Data provided Block Start

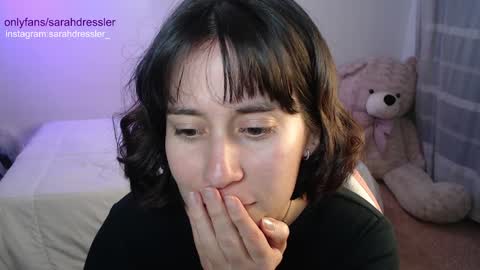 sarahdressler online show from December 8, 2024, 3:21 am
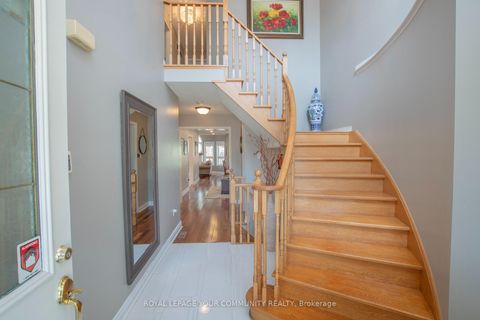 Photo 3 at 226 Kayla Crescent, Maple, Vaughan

Data provided Block End
Data provided Block Start

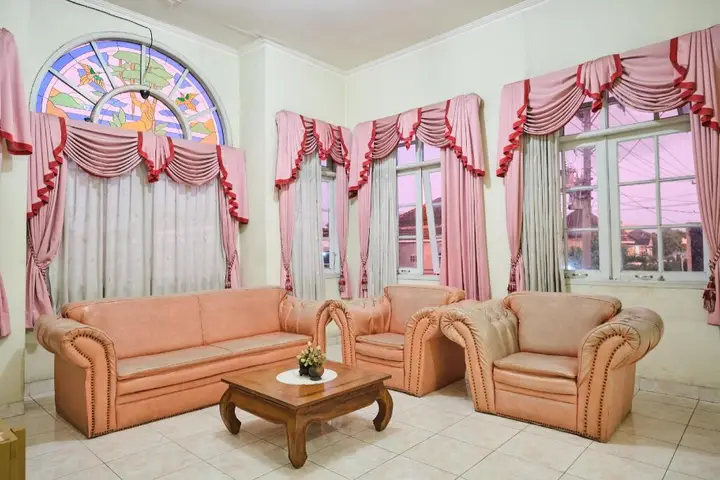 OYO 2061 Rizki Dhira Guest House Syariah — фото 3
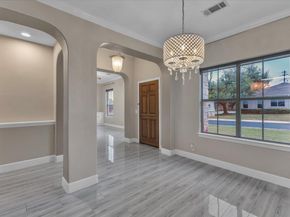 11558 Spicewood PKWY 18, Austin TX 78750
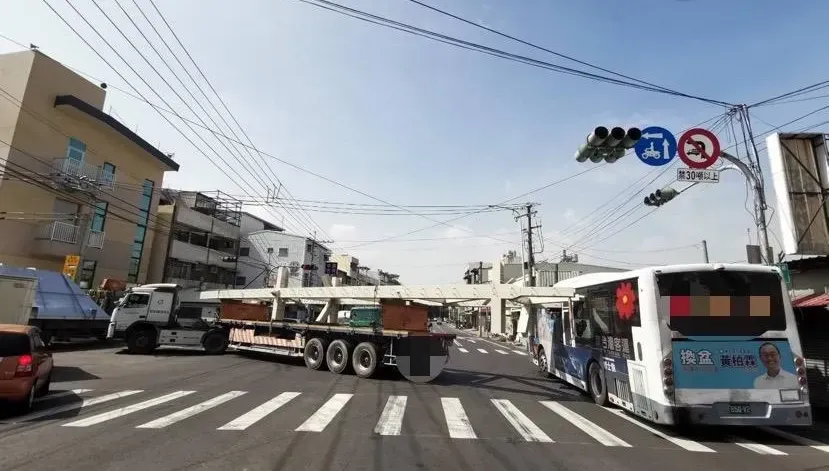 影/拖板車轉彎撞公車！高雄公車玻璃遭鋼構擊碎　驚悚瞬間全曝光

Data provided Block End
Data provided Block Start

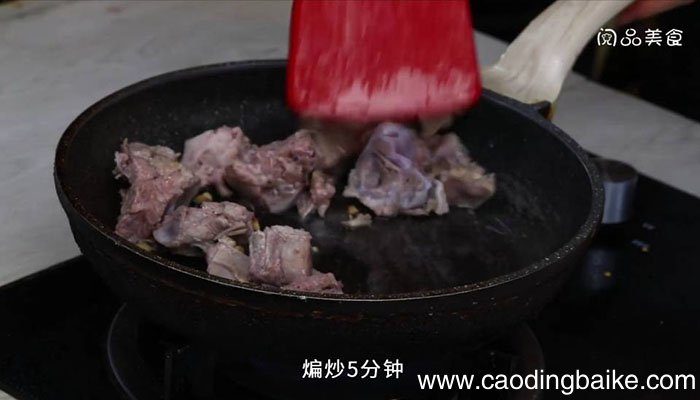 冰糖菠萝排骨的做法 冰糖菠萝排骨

Data provided Block End

(Exercise): Look above for the line with "OYO 2061 Rizki" and the line with "影/拖板車轉彎撞公車！高雄公車玻璃遭鋼構擊碎　驚悚瞬間全曝光". Output those two and everything between them exactly, pictures excluded.

(Exercise output):
 OYO 2061 Rizki Dhira Guest House Syariah — фото 3
 11558 Spicewood PKWY 18, Austin TX 78750
 影/拖板車轉彎撞公車！高雄公車玻璃遭鋼構擊碎　驚悚瞬間全曝光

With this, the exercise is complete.